What I need is an exact repeat of the lines from the one with "Женская черная готическая" through the end of the listing below. Leave out every picture.

(INFORMATION SHOWN begins)

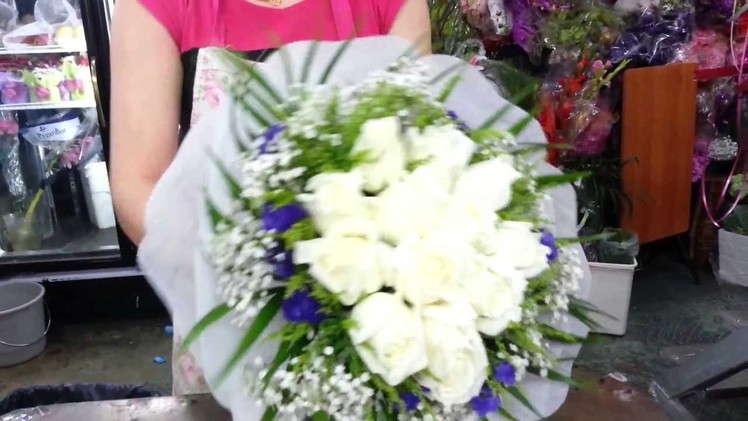 Singapore Florist | Top Florist in Singapore Making 12 roses Hand bouquet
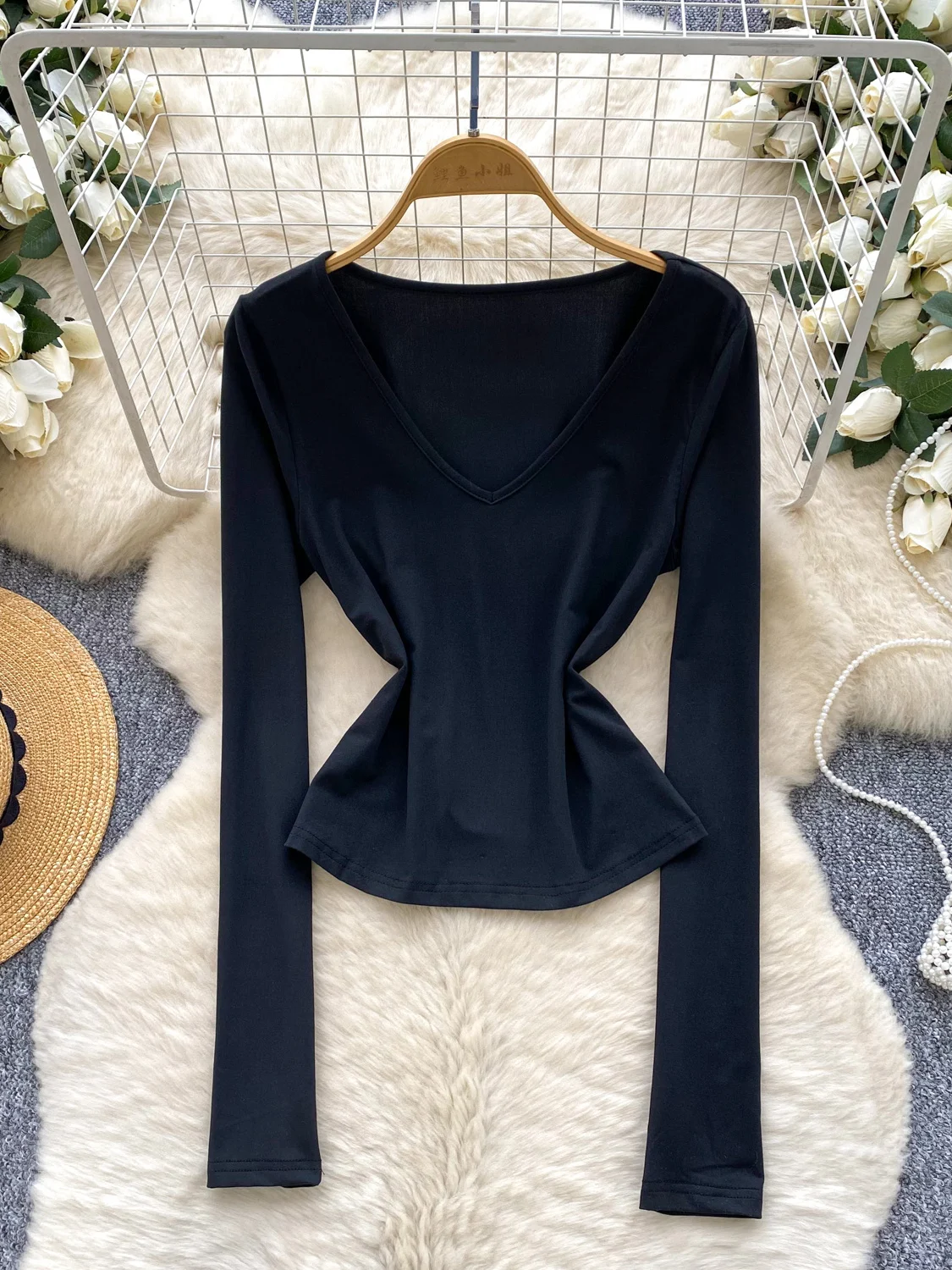 

Женская черная готическая футболка с v-образным вырезом в стиле эмо, эстетичная футболка Y2k Gyaru, винтажные футболки большого размера с длинными рукавами, одежда 2000-х годов, зимняя одежда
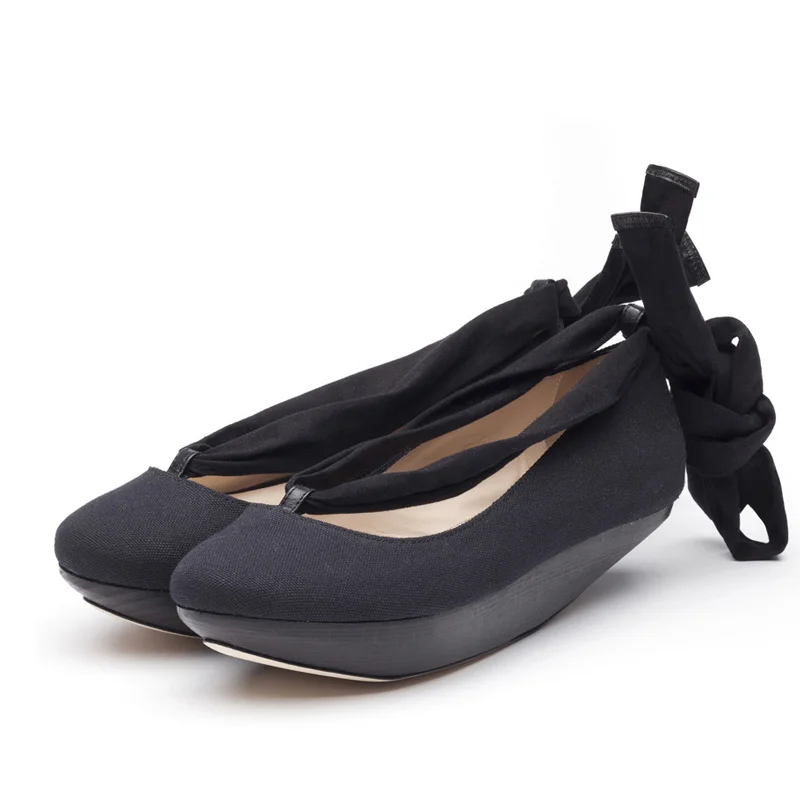 LF0100A1 Lyla Black Canvas Pair.jpg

(INFORMATION SHOWN ends)

RESPONSE TO THIS TASK:
Женская черная готическая футболка с v-образным вырезом в стиле эмо, эстетичная футболка Y2k Gyaru, винтажные футболки большого размера с длинными рукавами, одежда 2000-х годов, зимняя одежда
 LF0100A1 Lyla Black Canvas Pair.jpg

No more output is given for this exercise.